Ás vezes o barbeiro se transforma num personagem rodriguiano, “a mulher com chinelo de dedo para mim chegou no fim do poço”. Continuando o bate-papo, voltando aos inflamados anos 60, o entrevistado responde que o regime militar era melhor do que hoje.
“A turma respeitava não fazia essa baderna que acontece hoje, cercar rua, estrada, fazer greve, não deixar a pessoa trabalhar, eu sou contra esse negócio. Sou a favor dos militares, eu gostava porque existia respeito, hoje você passa por aí o cara chega pra um soldado aí e jogam uma bomba, matam o policial, e antes não acontecia isso. Quando os policiais pegavam esses ladrões naquela época, sumiam com eles”. E os estudantes, “seo” Luiz??, a democracia tão sonhada???.... “O estudante não sabia o que queria, sempre tinha um cabeça no meio que punha na cabeça deles para eles fazerem aquelas coisas. Isso aqui não é democracia, é bandidagem!”

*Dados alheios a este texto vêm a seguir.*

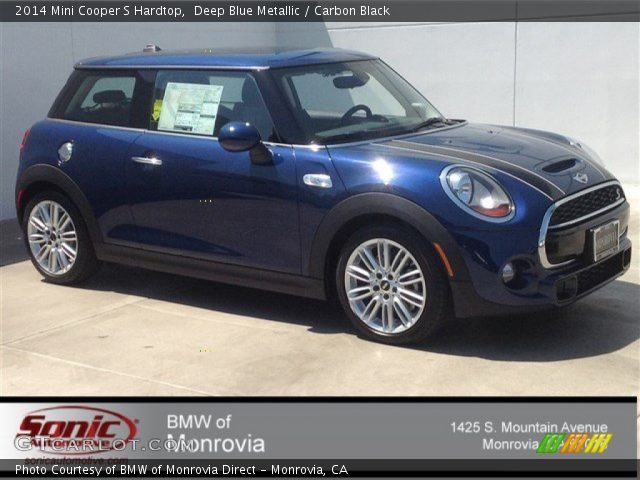 2014 Mini Cooper S Hardtop in Deep Blue Metallic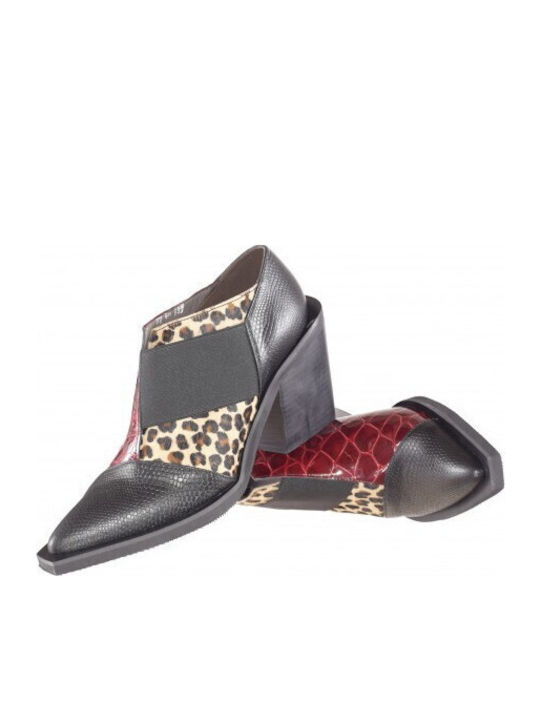 Leather Women's Ankle Boots Black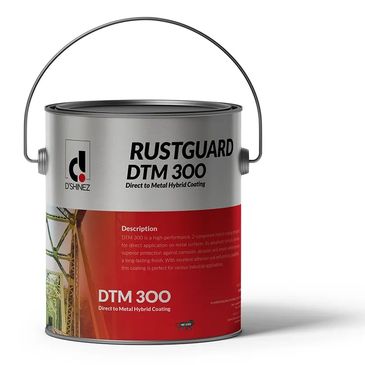 Rustguard DTM 300, a durable metal coating, offers direct-to-metal hybrid protection.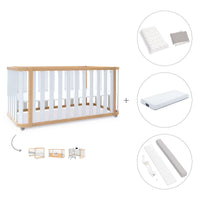 Lettino-letto 70x140 cm (3in1) legno/bianco · Crea Plus Due C350-M5011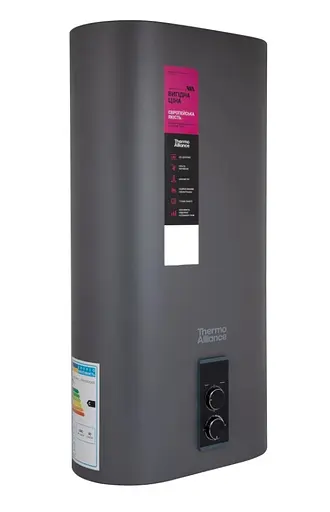 Водонагреватель электрический Thermo Alliance, 2 кВт, мокрый ТЭН, 50 л плоский, вертикальный, прямоугольный, серый (DT50V20G(PD)/2G) - фото 2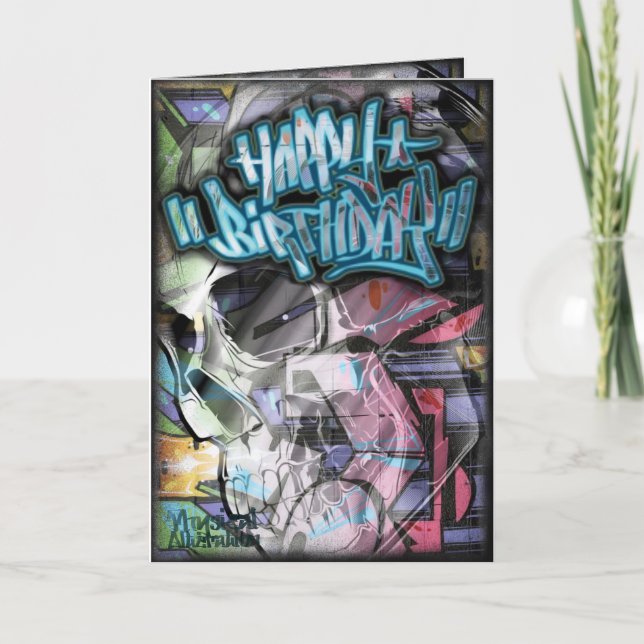 Graffiti-Geburtstagskarte Karte (Vorderseite)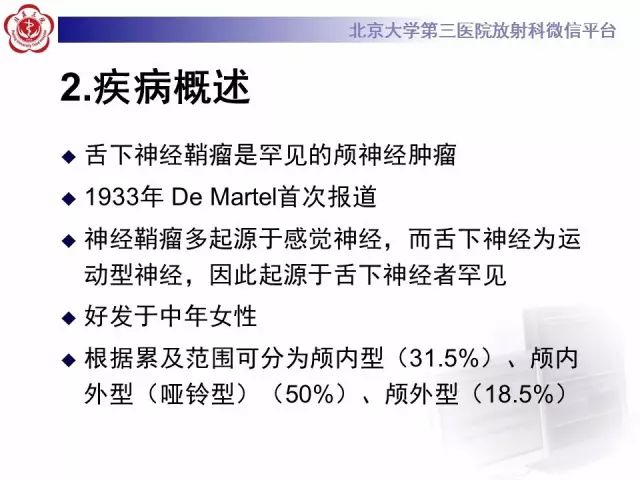 【病例】舌下神经鞘瘤2例MR影像表现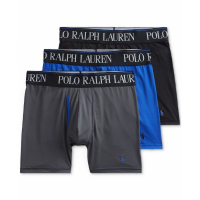 Polo Ralph Lauren Men's 4-D Flex Cool Microfiber Boxer Briefs - 3 Pieces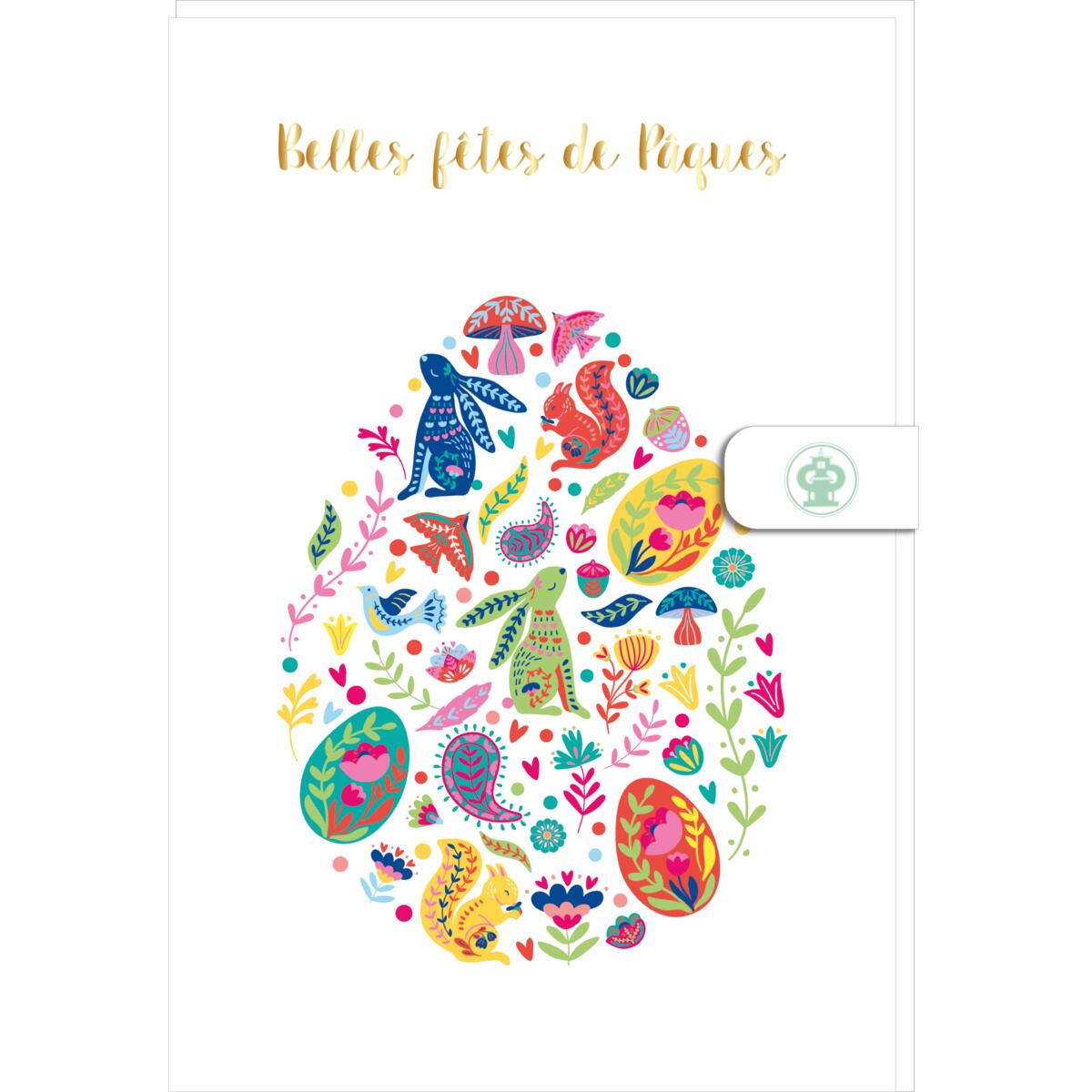 Carte de Pâques Animaux de la forêt 1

Figura intrigante, “seo” Luiz com seu 1,80m de altura, nariz alongado, sorriso alargado, pele branca, calvo, rigidez e ternura. As variações da região central da cidade fazem parte da memória do barbeiro, tudo em volta traduz a sua vivência. Ele ainda sonha com as pessoas desembarcando dos trens, com a beleza da estação, o apito, os fregueses, o romantismo daquilo tudo... que já se foi.

“Na hora da arte do cabelo, o pessoal do ‘internacional’ é mais importante para mim que o Presidente da República” Dr. Hélio Lobo/1969, declaração tirada do livro de memórias do “seu” Luiz , recordações dos fregueses escondidas no livrinho azul.